Aim of the task =
Pictures are not part of the answer. Write out exactly the lines from the one containing "RJ Inter TV" through the end of the material below.

——

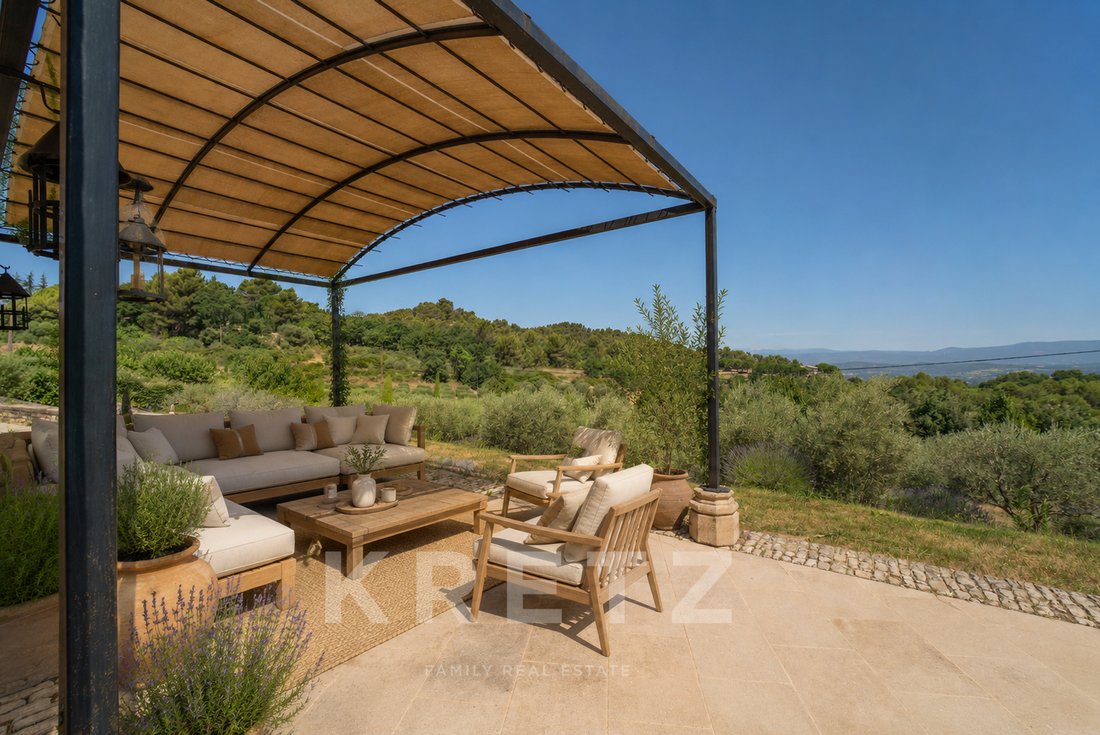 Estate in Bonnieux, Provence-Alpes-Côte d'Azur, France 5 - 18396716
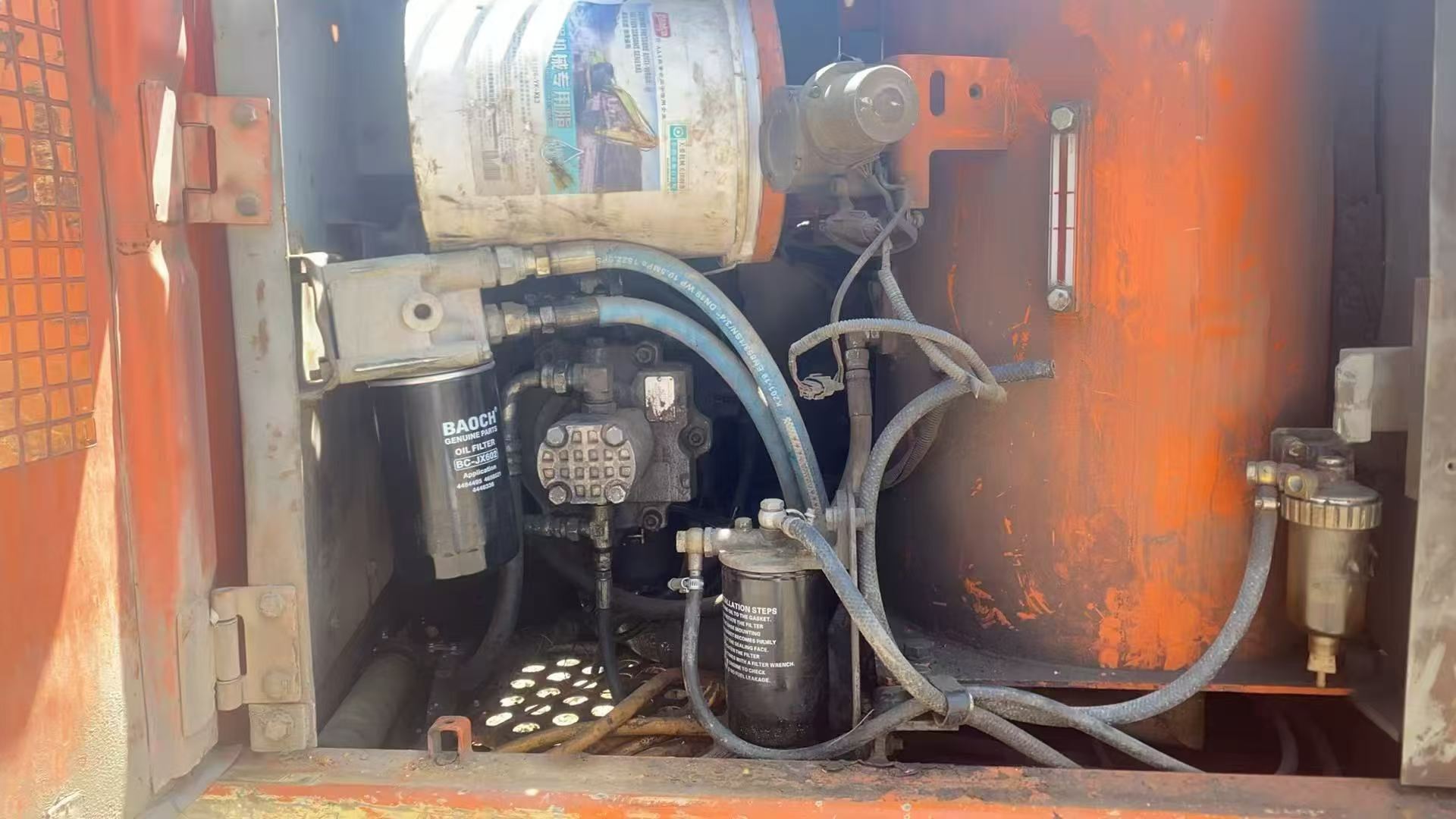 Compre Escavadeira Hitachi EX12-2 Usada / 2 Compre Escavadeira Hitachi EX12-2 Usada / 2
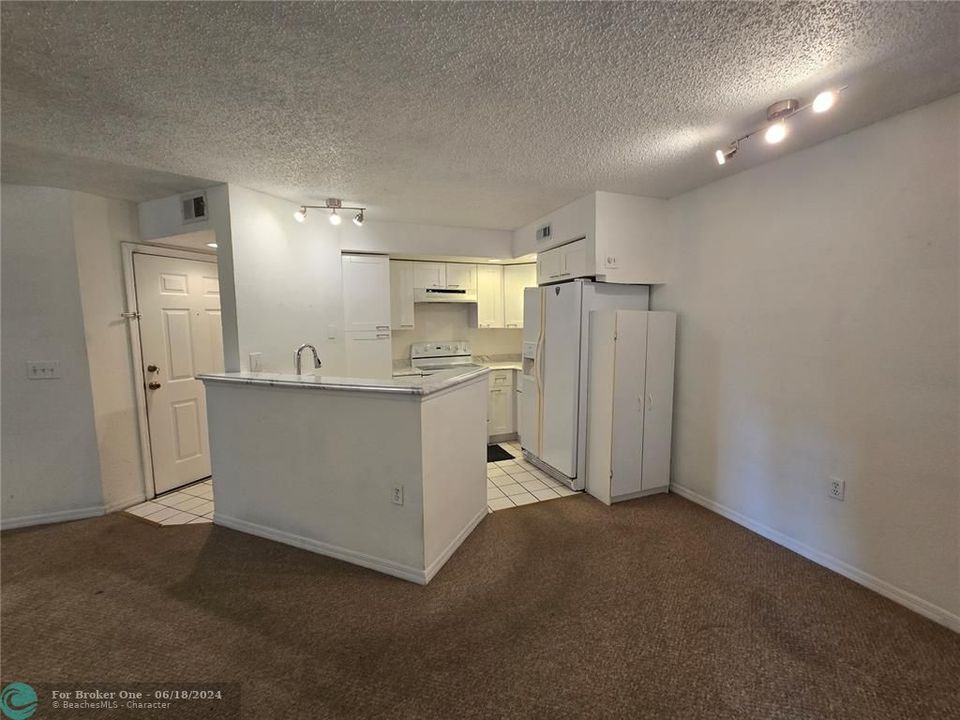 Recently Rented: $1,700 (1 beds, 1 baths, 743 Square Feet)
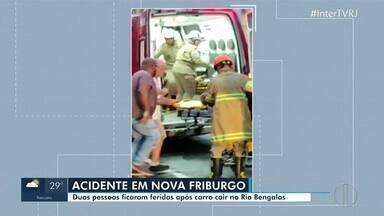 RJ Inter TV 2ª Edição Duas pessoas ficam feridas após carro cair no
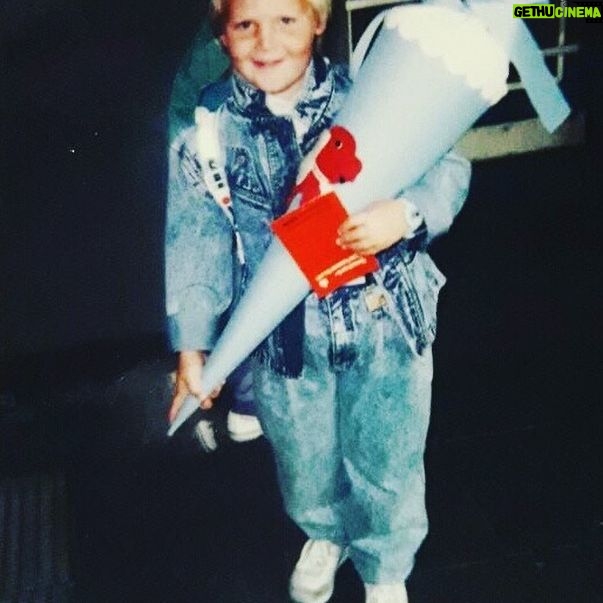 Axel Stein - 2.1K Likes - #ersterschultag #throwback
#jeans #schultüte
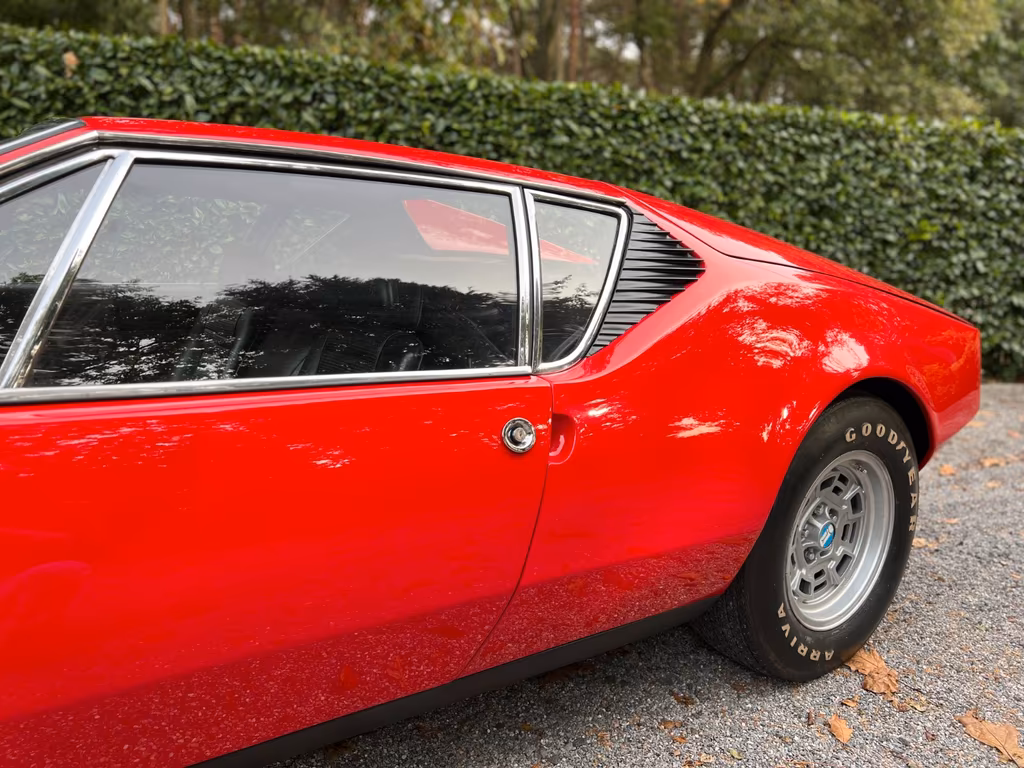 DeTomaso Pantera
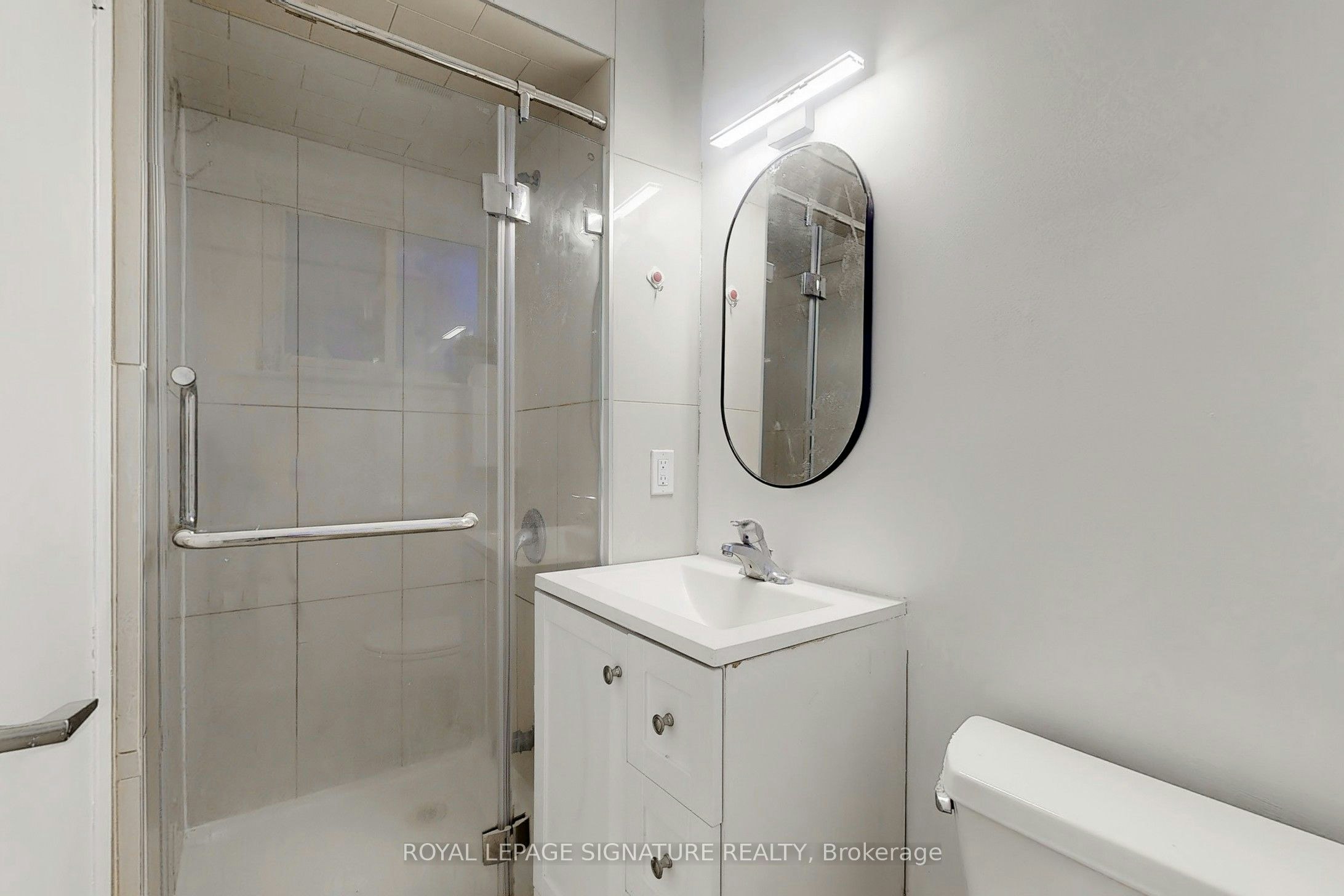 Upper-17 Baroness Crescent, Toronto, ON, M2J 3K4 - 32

——

Output below =
 RJ Inter TV 2ª Edição Duas pessoas ficam feridas após carro cair no
 Axel Stein - 2.1K Likes - #ersterschultag #throwback
#jeans #schultüte
 DeTomaso Pantera
 Upper-17 Baroness Crescent, Toronto, ON, M2J 3K4 - 32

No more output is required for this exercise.